Save as aforesaid, the Directors are not aware of any consequences which would arise under the Takeovers Code as a result of the exercise of the Repurchase Mandate. In any event, the Repurchase Mandate will be exercised only if the number of Shares held by the public would not fall below 25%.
APPENDIX I
EXPLANATORY STATEMENT ON THE REPURCHASE MANDATE
SHARE PRICES
The highest and lowest prices at which the Shares have been traded on the Stock Exchange during the past twelve months preceding the Latest Practicable Date were as follows:
| Share Prices (per Share) | ||
|---|---|---|
| Highest (HK$) | Lowest (HK$) | |
| 2024 | ||
| April | 1.05 | 0.92 |
| May | 1.09 | 0.93 |
| June | 1.05 | 0.98 |
| July | 1.06 | 0.98 |
| August | 1.03 | 1.00 |
| September | 1.11 | 0.94 |
| October | 1.11 | 0.99 |
| November | 1.03 | 0.94 |
| December | 1.05 | 0.98 |
| 2025 | ||
| January | 1.07 | 0.98 |
| February | 1.05 | 0.98 |
| March | 1.04 | 0.97 |
| April (from 1 April up to the Latest Practicable Date) | 1.03 | 0.93 |
GENERAL
The Directors will exercise the Repurchase Mandate in accordance with the Listing Rules, the Memorandum and Articles of Association, and the applicable laws and regulations of the Cayman Islands.
The Directors confirmed that neither this explanatory statement nor the Repurchase Mandate has any unusual features.
As at the Latest Practicable Date, the Company had no Shares repurchases and did not hold any treasury shares. If exercise the power to repurchase Shares pursuant to the Repurchase Mandate, the Company will cancel the repurchased Shares following settlement of such repurchase.
None of the Directors nor, to the best of the Directors' knowledge, having made all reasonable enquiries, any of their respective close associates has any present intention, in the event that the Repurchase Mandate is approved by the Shareholders, to sell any Shares to the Company.

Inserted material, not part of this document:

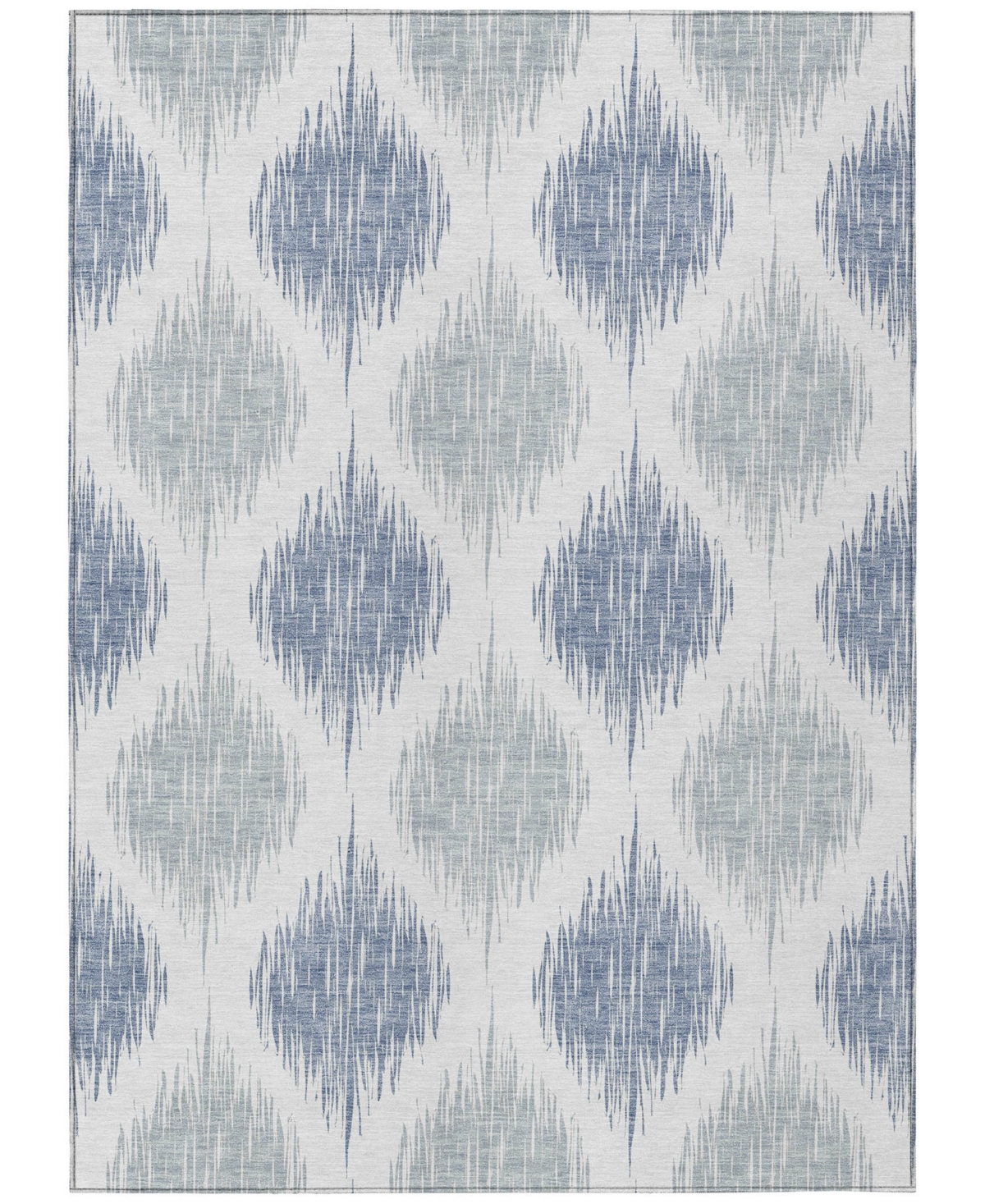 Addison Chantille Acn848 9'x12' Area Rug In Mist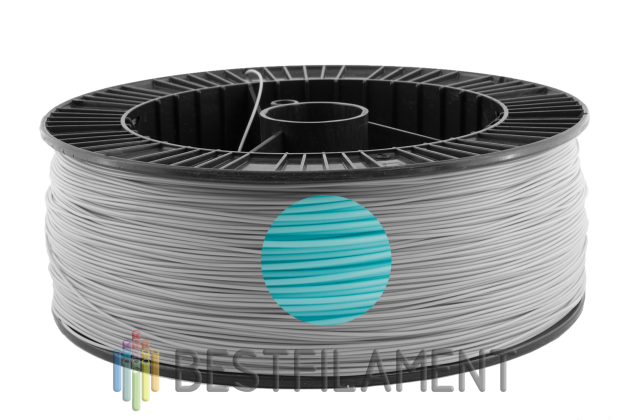 Небесный ABS пластик Bestfilament для 3D-принтеров 2,5 кг (1,75 мм) Небесный ABS пластик Bestfilament для 3D-принтеров 2,5 кг (1,75 мм)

As at the Latest Practicable Date, no core connected persons (as defined in the Listing Rules) of the Company has notified the Company that he/she has a present intention to sell any Shares to the Company or has undertaken not to do so, if the Repurchase Mandate is approved by the Shareholders.
APPENDIX II
DETAILS OF RETIRING DIRECTORS AND INDEPENDENT NON-EXECUTIVE DIRECTOR PROPOSED TO BE RE-ELECTED AND APPOINTED RESPECTIVELY
This biographical details of the retiring Directors and independent non-executive Director proposed to be re-elected and appointed respectively at the AGM are set out as follows:
(A) Retiring Directors
Mr. Zhu Wenjun (“Mr. Zhu”), aged 43, has been an executive Director and a member of remuneration committee of the Company since 18 October 2016. He is also the Chief Financial Officer of the Company since April 2015. Prior to joining the Group, he worked with Shanghai Guohe Capital, where he had led private equity investment deals in media, software, internet and financial services sectors. Mr. Zhu has over 16 years of experience of finance, investment and corporate management. He started his career with KPMG assurance services, and also worked at Deloitte Financial Advisory with its Corporate Restructuring Services. Mr. Zhu holds a M.B.A. degree from UCLA Anderson School of Management, and bachelor’s degree in law from Shanghai University of International Business and Economics.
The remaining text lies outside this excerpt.